INSTRUCTIONS FOR THE TASK >> Exact copy, no pictures: repeat the data that follows.

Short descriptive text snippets
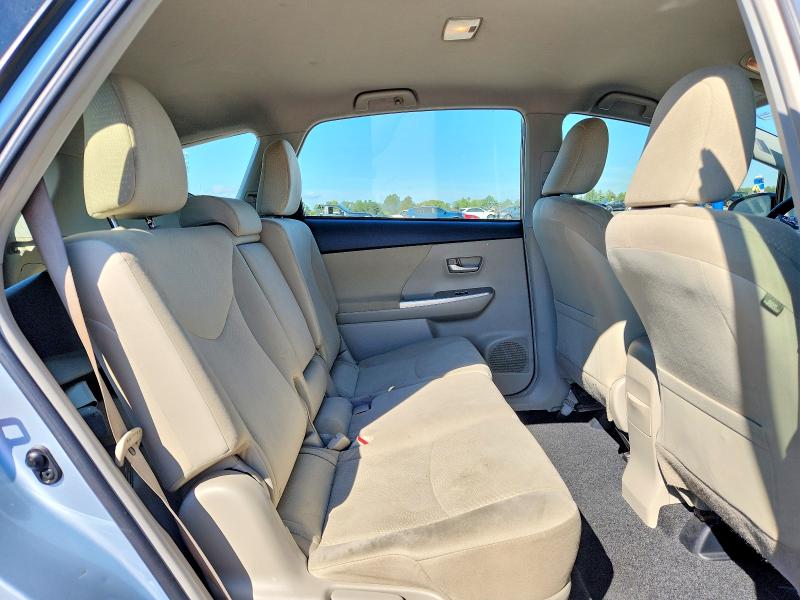 Aukcja sprzedaży 2013 Toyota Prius V, vin: JTDZN3EU4D3199077, numer aukcji: 71029826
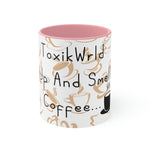 Load image into Gallery viewer, ToxikWrld Accent Mug
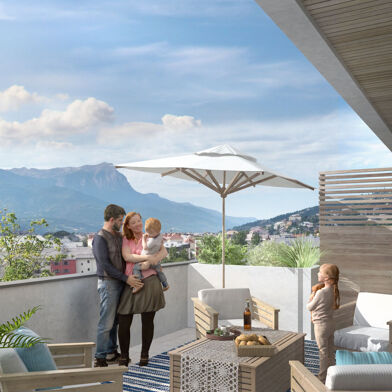 Appartement 2 pièces 185000 €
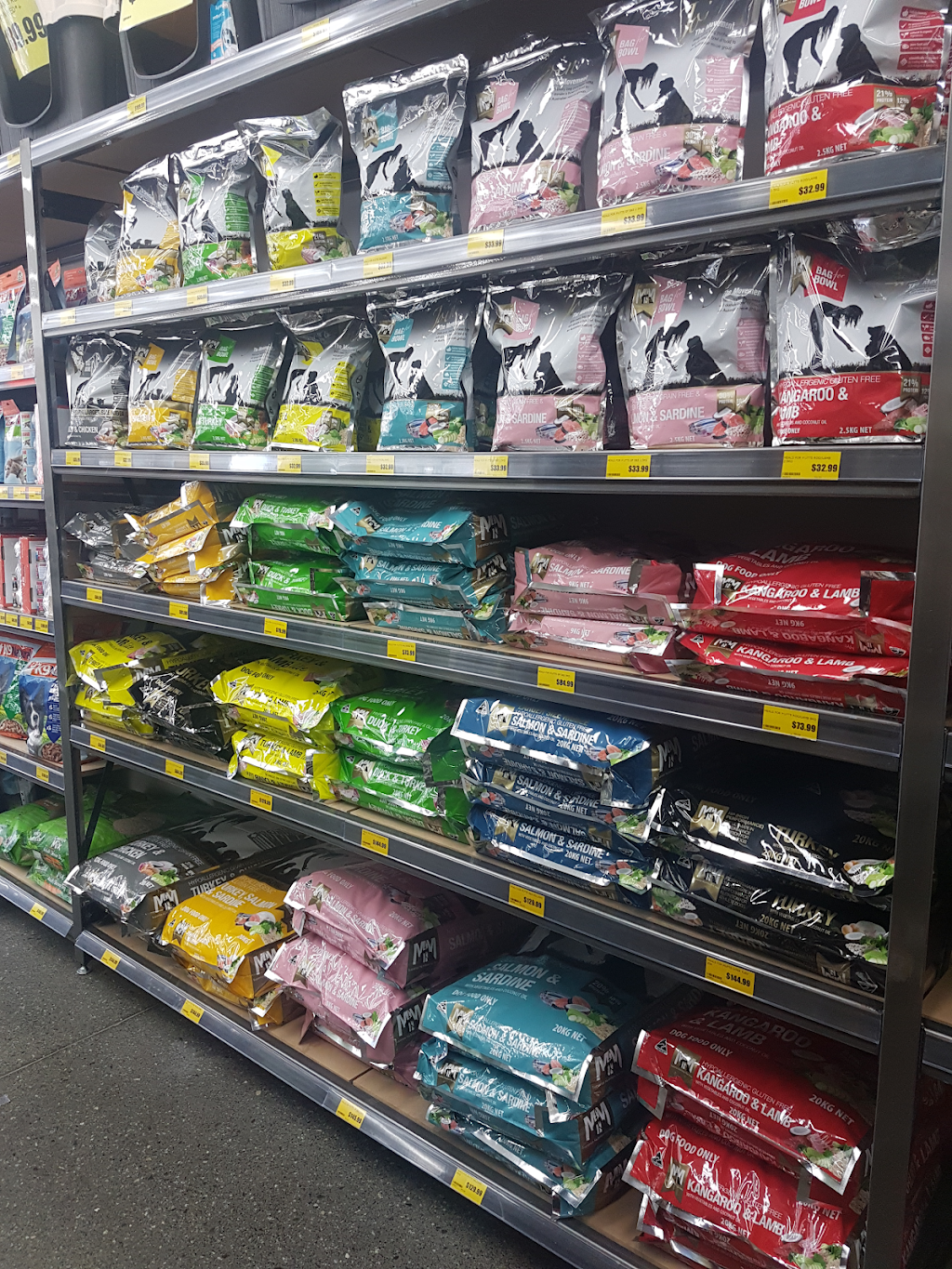 My Pet Warehouse Rowville | pet store | 2/5 Fulham Rd, Rowville VIC 3178, Australia | 0383061580 OR +61 3 8306 1580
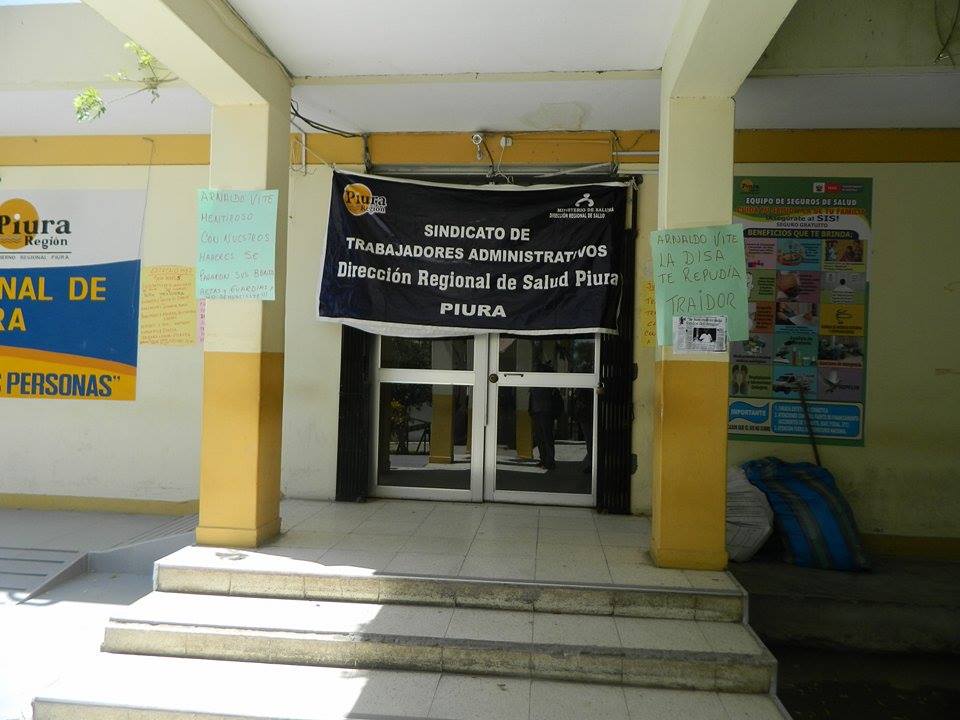 diresa huelga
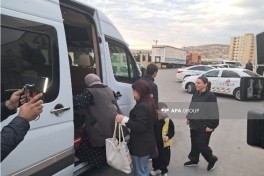 Azerbaijan relocates next group of former IDPs to the cities of Aghdam and Khojavand-PHOTO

OUTPUT OF THE TASK >>
 Aukcja sprzedaży 2013 Toyota Prius V, vin: JTDZN3EU4D3199077, numer aukcji: 71029826
 Load image into Gallery viewer, ToxikWrld Accent Mug
 Appartement 2 pièces 185000 €
 My Pet Warehouse Rowville | pet store | 2/5 Fulham Rd, Rowville VIC 3178, Australia | 0383061580 OR +61 3 8306 1580
 diresa huelga
 Azerbaijan relocates next group of former IDPs to the cities of Aghdam and Khojavand-PHOTO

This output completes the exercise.